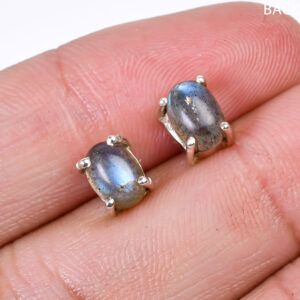 Natural Labradorite Stud Earrings 925 Sterling Silver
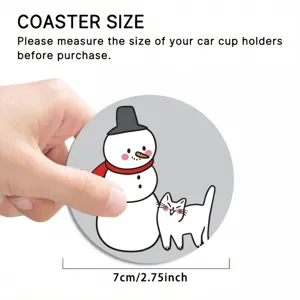Cute cartoon snowman cat car coaster 7cm anti-slip cup holder mat for auto interior decor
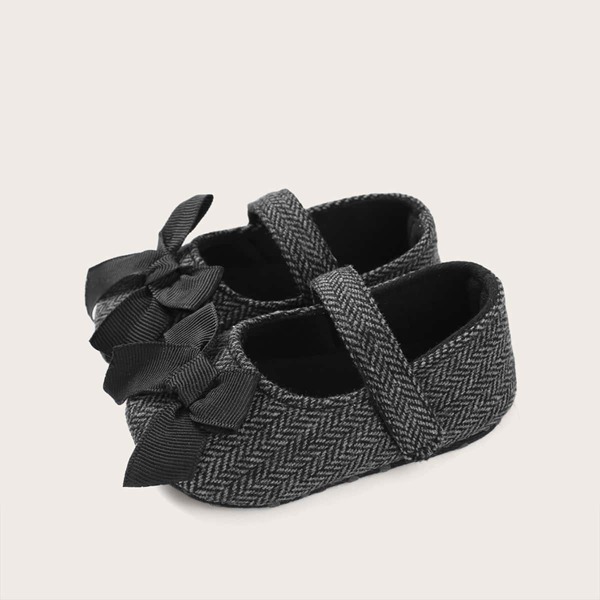 

Baby Girl Bow Decor Velcro Strap Flats, Grey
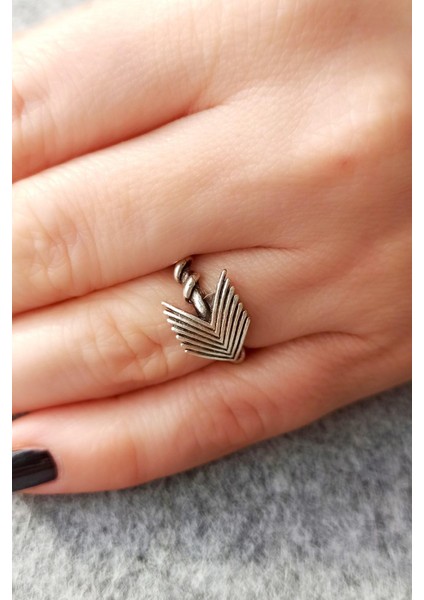 Antik Gümüş Kaplama Oklar Şekilli El Yapımı Ayarlanabilir Unisex Yüzük fırsatları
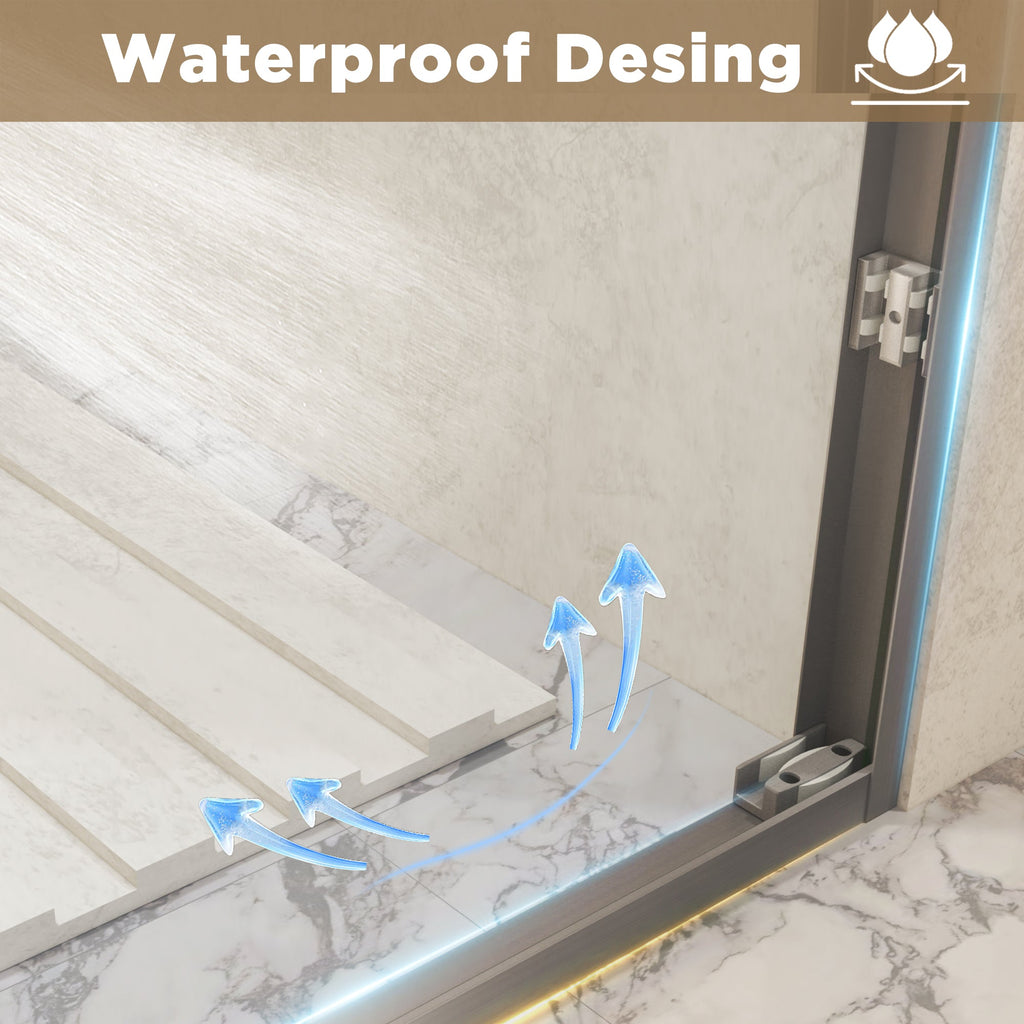 Double Sliding Shower Door with Aluminum Frame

#### Exercise brief
Reproduce nothing but the lines running from the line with "Baby Girl Bow Decor Velcro Strap Flats, Grey" through the end of the records, keeping both end lines and dropping the pictures.

#### Exercise response
Baby Girl Bow Decor Velcro Strap Flats, Grey
 Antik Gümüş Kaplama Oklar Şekilli El Yapımı Ayarlanabilir Unisex Yüzük fırsatları
 Double Sliding Shower Door with Aluminum Frame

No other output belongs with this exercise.